WHAT IS BEING ASKED: In the copy, every line of the material that follows must appear exactly, and no pictures should.

SOURCE MATERIAL:
* * * * * * * * *
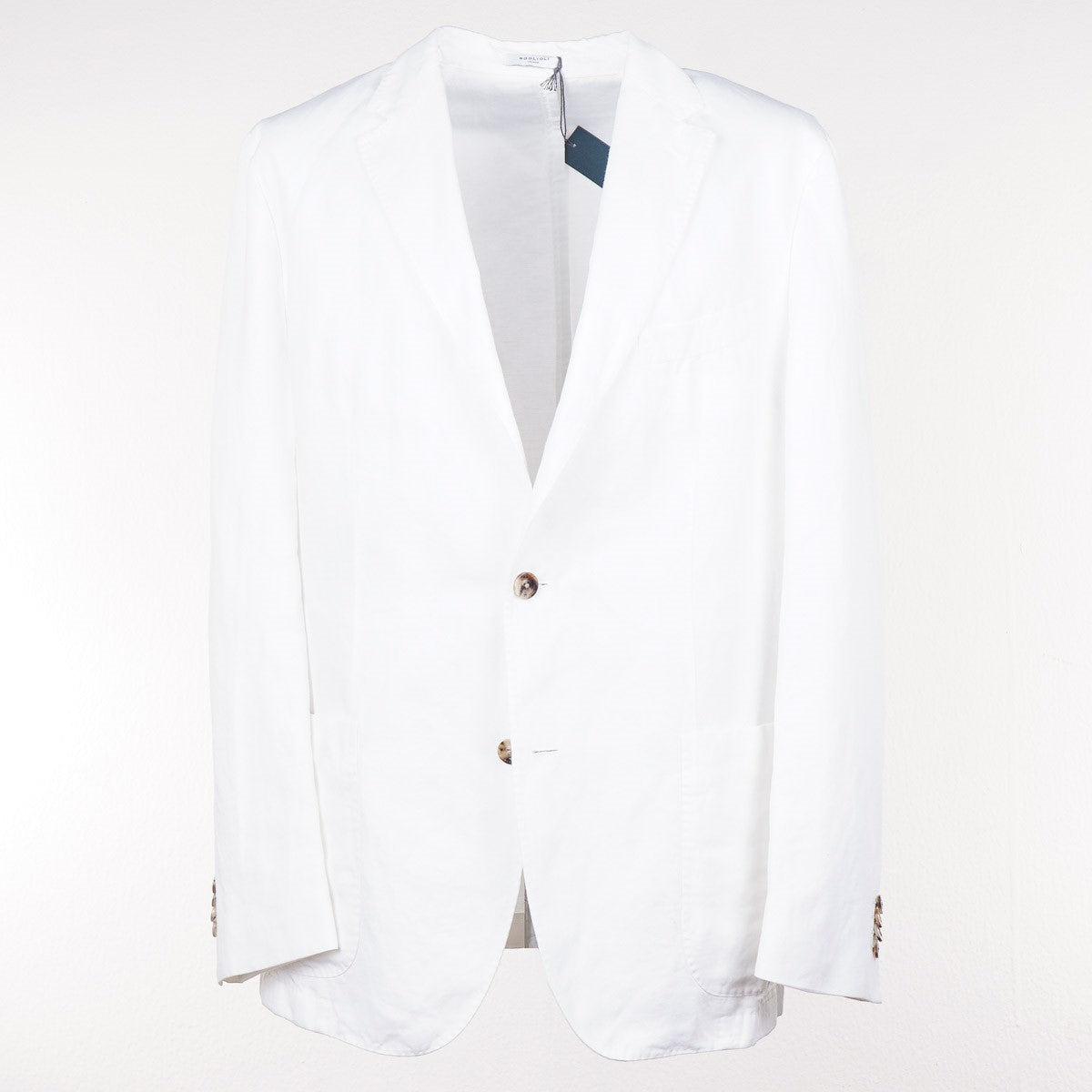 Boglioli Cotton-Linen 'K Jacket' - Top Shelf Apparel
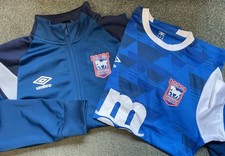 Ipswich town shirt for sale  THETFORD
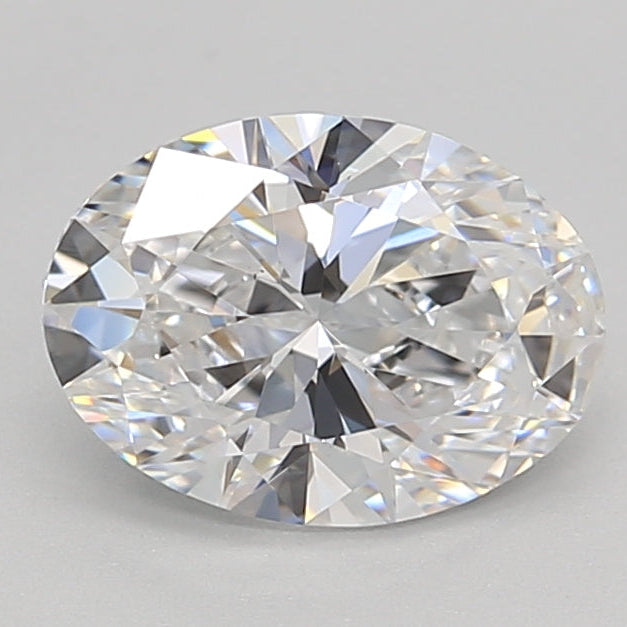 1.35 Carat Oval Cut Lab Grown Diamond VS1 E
* * * * * * * * *
ANSWER SECTION:
 Boglioli Cotton-Linen 'K Jacket' - Top Shelf Apparel
 Ipswich town shirt for sale  THETFORD
 1.35 Carat Oval Cut Lab Grown Diamond VS1 E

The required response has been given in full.